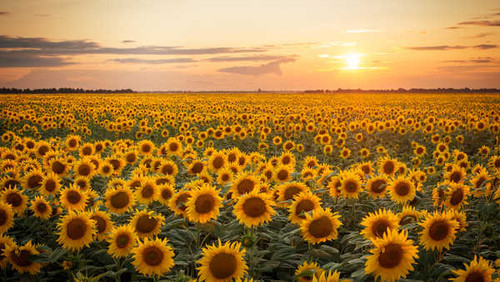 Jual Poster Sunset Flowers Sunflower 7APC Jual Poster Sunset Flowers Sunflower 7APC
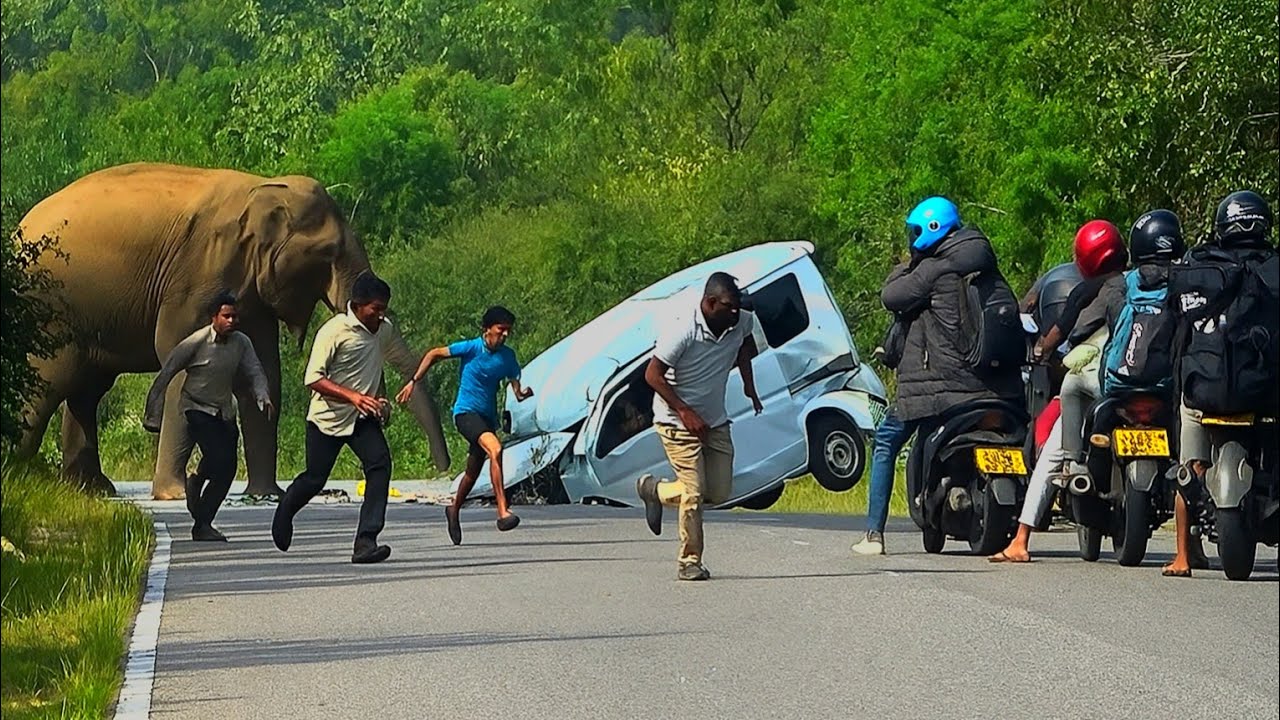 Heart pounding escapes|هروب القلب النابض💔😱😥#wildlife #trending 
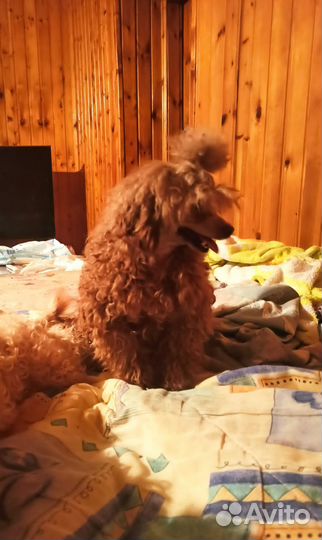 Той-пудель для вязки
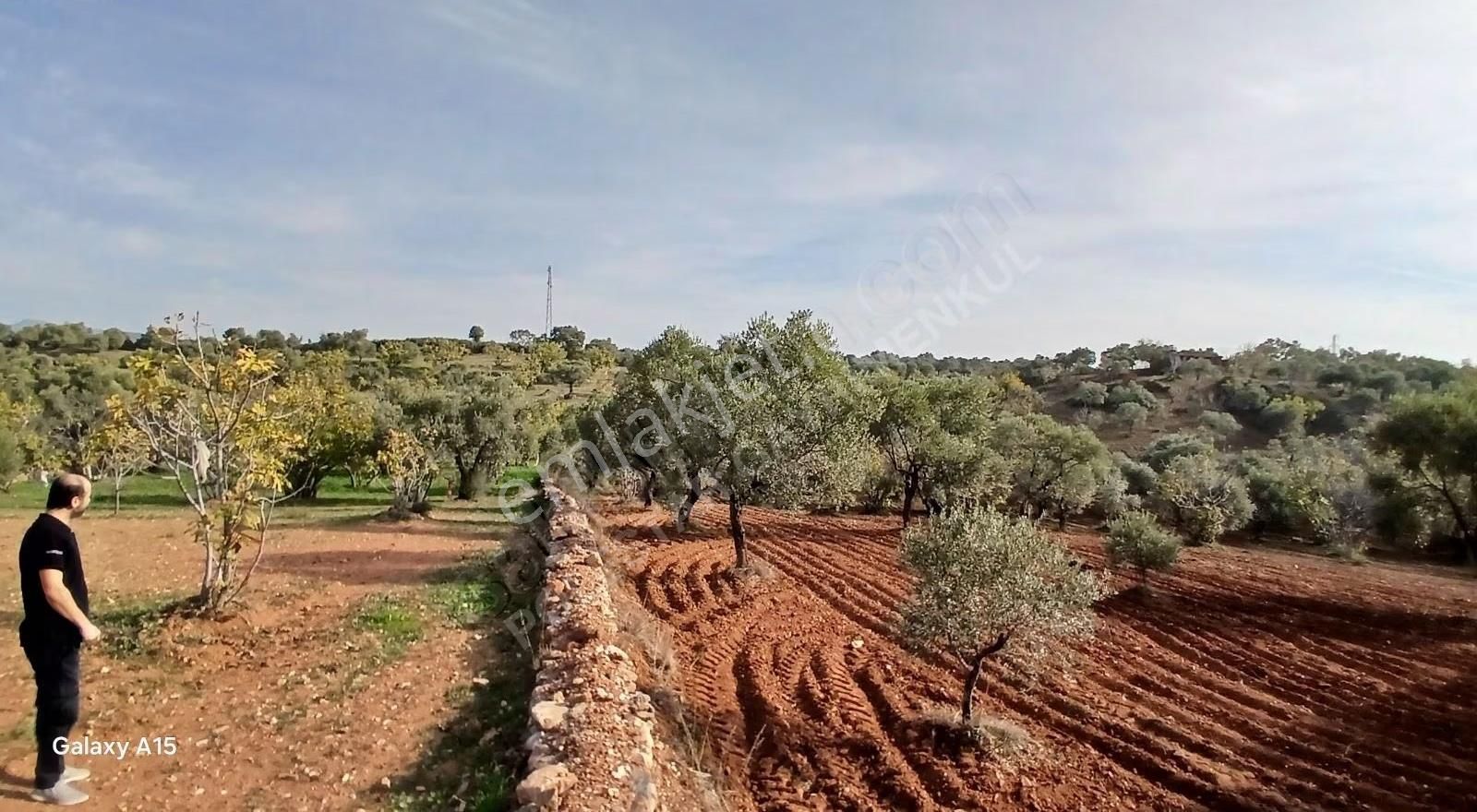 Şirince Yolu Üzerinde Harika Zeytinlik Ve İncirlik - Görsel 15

---

WORK REQUEST | The span to retype runs from the line containing "Heart pounding escapes|هروب" through the last line of the listing above, both ends included; copy it exactly, without pictures.

WRITTEN SOLUTION |
 Heart pounding escapes|هروب القلب النابض💔😱😥#wildlife #trending 
 Той-пудель для вязки
 Şirince Yolu Üzerinde Harika Zeytinlik Ve İncirlik - Görsel 15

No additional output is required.